The US presidency has not always been held by men of distinction and honour, but Donald Trump is by some distance its least qualified occupant. The leader of the world’s sole superpower has no record of political or military service and is ignorant of foreign affairs. Throughout his campaign, he repeatedly showed himself to be a racist, a misogynist, a braggart and a narcissist.

The naive hope that Mr Trump’s victory would herald a great moderation was dispelled by his conduct during the transition. He compared his country’s intelligence services to those of Nazi Germany and repeatedly denied Russian interference in the election. He derided Nato as “obsolete” and predicted the demise of the European Union. He reaffirmed his commitment to dismantling Obamacare and to overturning Roe v Wade. He doled out jobs to white nationalists, protectionists and family members. He denounced US citizens for demonstrating against him. Asked whether he regretted any part of his vulgar campaign, he replied: “No, I won.”
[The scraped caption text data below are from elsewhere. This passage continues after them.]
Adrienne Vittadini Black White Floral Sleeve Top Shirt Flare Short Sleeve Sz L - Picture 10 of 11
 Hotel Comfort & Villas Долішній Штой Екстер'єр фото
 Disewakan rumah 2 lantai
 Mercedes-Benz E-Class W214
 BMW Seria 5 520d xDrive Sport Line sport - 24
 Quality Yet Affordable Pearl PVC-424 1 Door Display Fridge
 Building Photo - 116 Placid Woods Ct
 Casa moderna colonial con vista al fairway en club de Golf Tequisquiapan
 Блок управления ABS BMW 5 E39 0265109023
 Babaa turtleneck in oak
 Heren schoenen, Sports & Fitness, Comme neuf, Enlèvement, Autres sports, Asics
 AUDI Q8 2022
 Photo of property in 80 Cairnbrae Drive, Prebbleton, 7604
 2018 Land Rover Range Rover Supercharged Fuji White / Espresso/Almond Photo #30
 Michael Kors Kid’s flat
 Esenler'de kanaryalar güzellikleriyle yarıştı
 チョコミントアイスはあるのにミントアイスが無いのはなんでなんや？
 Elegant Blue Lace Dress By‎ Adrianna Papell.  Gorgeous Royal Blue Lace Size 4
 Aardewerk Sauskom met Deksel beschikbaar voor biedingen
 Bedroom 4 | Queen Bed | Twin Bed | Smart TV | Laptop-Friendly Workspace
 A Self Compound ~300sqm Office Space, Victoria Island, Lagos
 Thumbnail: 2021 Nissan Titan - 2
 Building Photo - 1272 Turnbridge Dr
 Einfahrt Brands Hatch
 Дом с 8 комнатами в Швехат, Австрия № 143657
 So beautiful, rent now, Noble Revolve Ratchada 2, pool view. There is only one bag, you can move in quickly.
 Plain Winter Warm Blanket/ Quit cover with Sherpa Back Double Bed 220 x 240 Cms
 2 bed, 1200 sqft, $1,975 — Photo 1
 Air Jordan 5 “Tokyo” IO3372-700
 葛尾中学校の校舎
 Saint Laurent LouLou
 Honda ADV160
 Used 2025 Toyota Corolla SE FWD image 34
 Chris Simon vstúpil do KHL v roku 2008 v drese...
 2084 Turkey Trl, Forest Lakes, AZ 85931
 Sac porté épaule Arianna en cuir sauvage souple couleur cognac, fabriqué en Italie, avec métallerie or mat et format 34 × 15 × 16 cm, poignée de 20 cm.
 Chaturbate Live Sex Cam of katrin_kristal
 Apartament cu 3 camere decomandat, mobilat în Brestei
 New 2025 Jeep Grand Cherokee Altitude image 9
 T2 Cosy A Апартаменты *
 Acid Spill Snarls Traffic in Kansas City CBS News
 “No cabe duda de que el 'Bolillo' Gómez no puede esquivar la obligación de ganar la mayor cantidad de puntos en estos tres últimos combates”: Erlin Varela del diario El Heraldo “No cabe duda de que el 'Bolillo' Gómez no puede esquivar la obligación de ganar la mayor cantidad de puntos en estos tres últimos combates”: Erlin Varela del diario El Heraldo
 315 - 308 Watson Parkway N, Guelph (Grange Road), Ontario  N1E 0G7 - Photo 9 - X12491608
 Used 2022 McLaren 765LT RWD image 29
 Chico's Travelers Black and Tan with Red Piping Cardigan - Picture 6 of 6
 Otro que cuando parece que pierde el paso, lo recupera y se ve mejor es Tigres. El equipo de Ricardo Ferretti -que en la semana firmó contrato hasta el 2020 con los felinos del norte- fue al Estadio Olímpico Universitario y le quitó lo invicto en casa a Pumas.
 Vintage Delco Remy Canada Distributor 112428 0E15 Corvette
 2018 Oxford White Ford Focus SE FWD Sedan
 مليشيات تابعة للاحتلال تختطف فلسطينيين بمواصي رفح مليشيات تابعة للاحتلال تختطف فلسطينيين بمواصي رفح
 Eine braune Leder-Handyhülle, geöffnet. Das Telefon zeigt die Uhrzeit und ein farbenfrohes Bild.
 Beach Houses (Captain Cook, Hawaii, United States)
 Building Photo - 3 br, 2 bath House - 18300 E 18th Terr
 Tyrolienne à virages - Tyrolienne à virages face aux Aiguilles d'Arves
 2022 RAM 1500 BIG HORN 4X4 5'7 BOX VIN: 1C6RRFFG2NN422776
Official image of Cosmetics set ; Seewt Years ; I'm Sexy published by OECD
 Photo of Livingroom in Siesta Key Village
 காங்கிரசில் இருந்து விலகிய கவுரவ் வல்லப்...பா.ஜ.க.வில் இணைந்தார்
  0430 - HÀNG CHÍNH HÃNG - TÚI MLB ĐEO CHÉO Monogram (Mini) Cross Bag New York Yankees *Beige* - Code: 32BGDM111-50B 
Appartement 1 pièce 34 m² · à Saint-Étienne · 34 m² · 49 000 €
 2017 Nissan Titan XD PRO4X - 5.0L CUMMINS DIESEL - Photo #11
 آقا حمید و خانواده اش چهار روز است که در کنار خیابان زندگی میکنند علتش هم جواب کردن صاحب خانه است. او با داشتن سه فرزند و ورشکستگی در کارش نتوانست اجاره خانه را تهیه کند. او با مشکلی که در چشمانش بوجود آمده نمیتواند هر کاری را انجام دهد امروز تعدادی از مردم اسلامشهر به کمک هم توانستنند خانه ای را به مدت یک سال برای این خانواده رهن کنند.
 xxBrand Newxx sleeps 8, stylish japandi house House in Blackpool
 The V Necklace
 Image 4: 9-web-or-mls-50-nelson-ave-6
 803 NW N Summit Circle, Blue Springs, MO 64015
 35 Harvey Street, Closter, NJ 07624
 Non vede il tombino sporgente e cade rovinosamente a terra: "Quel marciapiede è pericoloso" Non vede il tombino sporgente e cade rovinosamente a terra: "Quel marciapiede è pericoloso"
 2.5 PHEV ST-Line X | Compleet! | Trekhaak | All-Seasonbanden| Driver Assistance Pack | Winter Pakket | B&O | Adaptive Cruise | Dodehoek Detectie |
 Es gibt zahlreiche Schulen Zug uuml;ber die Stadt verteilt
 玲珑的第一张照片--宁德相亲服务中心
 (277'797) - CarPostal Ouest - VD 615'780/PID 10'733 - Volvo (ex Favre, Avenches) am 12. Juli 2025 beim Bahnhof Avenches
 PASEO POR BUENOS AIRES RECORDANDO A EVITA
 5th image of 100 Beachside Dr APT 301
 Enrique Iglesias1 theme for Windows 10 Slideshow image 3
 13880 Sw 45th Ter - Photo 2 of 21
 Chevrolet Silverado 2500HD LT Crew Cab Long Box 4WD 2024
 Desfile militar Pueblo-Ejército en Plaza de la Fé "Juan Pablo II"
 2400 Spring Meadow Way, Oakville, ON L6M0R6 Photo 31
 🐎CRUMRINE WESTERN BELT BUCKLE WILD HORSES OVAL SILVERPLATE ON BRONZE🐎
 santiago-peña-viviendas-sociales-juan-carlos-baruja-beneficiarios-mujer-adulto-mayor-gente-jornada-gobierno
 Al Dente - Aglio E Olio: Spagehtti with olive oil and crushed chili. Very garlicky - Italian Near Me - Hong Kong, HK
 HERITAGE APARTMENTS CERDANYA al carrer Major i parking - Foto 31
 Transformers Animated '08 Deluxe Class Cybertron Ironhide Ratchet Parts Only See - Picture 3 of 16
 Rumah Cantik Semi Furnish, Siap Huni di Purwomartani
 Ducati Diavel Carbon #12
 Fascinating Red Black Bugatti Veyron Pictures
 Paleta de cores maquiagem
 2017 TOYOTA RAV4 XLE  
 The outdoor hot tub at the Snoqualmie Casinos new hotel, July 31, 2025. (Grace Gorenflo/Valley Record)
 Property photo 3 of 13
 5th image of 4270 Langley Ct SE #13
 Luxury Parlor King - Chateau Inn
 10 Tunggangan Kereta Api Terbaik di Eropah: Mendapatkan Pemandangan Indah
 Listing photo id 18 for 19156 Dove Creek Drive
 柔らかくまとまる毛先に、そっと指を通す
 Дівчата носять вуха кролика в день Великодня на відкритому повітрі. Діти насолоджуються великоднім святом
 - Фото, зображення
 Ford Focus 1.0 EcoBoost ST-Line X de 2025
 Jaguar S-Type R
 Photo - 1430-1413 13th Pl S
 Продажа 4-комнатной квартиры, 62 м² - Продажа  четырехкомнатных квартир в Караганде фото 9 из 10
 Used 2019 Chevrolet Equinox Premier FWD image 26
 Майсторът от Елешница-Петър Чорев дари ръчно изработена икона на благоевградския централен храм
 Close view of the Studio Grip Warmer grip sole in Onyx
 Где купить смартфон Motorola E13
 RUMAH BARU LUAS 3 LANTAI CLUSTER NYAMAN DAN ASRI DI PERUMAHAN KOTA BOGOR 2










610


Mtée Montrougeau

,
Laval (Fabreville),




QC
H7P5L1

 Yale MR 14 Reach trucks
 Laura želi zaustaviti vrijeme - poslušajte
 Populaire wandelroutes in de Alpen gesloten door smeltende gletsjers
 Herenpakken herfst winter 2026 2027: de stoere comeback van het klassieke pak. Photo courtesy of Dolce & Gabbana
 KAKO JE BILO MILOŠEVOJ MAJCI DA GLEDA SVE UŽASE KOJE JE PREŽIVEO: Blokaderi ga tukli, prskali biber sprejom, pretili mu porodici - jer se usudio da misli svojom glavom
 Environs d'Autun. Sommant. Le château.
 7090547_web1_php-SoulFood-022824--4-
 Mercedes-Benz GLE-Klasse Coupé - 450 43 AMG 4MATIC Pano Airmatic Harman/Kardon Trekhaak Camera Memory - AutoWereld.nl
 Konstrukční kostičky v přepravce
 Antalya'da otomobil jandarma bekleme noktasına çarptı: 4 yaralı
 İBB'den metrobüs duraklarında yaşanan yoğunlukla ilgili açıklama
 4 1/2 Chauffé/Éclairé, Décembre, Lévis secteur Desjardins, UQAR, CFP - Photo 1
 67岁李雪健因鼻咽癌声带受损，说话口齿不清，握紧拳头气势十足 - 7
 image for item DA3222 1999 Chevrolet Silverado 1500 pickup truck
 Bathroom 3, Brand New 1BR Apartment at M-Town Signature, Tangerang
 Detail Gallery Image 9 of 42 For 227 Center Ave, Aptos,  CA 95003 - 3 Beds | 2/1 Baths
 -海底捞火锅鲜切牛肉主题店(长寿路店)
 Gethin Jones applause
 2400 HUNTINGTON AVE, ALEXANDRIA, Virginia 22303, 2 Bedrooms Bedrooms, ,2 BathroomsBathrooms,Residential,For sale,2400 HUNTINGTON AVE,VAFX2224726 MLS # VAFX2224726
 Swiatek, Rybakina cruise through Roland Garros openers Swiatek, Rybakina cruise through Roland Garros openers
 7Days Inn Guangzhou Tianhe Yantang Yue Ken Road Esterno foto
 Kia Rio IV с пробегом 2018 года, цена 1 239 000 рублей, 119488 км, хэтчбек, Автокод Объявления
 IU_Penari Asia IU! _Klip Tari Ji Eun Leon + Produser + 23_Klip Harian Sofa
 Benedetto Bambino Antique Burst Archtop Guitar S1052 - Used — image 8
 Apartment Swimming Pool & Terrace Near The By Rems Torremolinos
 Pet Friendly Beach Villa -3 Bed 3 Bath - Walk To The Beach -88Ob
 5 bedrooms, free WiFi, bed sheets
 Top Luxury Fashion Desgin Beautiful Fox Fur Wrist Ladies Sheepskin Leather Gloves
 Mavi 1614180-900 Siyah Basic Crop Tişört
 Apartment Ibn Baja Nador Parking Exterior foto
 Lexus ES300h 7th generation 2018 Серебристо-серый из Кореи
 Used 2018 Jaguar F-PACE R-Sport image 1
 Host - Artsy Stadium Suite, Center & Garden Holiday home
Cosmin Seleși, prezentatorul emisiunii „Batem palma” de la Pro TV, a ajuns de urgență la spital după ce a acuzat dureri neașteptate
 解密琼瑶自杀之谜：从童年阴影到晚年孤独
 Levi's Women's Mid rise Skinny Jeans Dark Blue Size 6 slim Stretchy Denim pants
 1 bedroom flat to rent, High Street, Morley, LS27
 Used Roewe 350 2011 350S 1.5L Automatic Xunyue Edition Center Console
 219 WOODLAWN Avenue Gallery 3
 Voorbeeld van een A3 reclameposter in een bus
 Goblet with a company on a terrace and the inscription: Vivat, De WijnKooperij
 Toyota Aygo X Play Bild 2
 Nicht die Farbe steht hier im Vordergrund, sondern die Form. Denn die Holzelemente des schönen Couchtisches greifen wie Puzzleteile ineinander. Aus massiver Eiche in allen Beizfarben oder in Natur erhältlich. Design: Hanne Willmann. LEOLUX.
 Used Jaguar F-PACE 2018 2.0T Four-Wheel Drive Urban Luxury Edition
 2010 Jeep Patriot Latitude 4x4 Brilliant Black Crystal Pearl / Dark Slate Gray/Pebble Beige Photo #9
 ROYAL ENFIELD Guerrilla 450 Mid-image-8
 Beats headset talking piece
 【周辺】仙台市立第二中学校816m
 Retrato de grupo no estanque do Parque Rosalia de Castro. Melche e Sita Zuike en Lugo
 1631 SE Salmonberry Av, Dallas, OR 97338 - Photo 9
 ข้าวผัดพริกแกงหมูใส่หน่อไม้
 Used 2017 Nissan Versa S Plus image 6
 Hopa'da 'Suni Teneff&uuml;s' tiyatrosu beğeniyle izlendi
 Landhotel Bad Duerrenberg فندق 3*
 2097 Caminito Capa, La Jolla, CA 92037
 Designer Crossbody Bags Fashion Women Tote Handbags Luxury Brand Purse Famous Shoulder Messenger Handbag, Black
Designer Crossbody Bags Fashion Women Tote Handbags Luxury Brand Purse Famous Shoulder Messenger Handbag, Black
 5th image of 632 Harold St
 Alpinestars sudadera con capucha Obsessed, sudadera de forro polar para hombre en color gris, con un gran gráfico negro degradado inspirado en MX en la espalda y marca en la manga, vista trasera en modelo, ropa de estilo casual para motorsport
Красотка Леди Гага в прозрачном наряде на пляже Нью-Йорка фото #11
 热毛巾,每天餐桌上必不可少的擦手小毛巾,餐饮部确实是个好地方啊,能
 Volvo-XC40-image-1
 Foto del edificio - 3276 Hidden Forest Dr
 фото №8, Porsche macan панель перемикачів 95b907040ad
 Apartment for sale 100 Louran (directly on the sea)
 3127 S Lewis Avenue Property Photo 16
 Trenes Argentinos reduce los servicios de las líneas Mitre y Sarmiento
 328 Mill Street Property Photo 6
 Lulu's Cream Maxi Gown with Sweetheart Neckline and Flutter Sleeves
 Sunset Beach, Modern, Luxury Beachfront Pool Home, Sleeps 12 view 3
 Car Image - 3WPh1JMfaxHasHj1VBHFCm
Of all his predilections, Mr Trump’s affection for Vladimir Putin is perhaps the most troubling. When the 2012 Republican presidential nominee, Mitt Romney, warned that Russia was the “number one geopolitical foe” of the US, he was mocked by Barack Obama. Yet his remark proved prescient. Rather than regarding Mr Putin as a foe, however, Mr Trump fetes him as a friend. The Russian president aims to use the US president’s goodwill to secure the removal of American sanctions, recognition of Russia’s annexation of Crimea and respect for the murderous reign of the Syrian president, Bashar al-Assad. He has a worryingly high chance of success.

Whether or not Mr Trump has personal motives for his fealty (as a lurid security dossier alleges), he and Mr Putin share a political outlook. Both men desire a world in which “strongmen” are free to abuse their citizens’ human rights without fear of external rebuke. Mr Trump’s refusal to commit to Nato’s principle of collective defence provides Mr Putin with every incentive to pursue his expansionist desires. The historic achievement of peace and stability in eastern Europe is in danger.

As he seeks reconciliation with Russia, Mr Trump is simultaneously pursuing conflict with China. He broke with precedent by speaking on the telephone with the Taiwanese president, Tsai Ing-wen, and used Twitter to berate the Chinese government. Rex Tillerson, Mr Trump’s secretary of state nominee, has threatened an American blockade of the South China Sea islands.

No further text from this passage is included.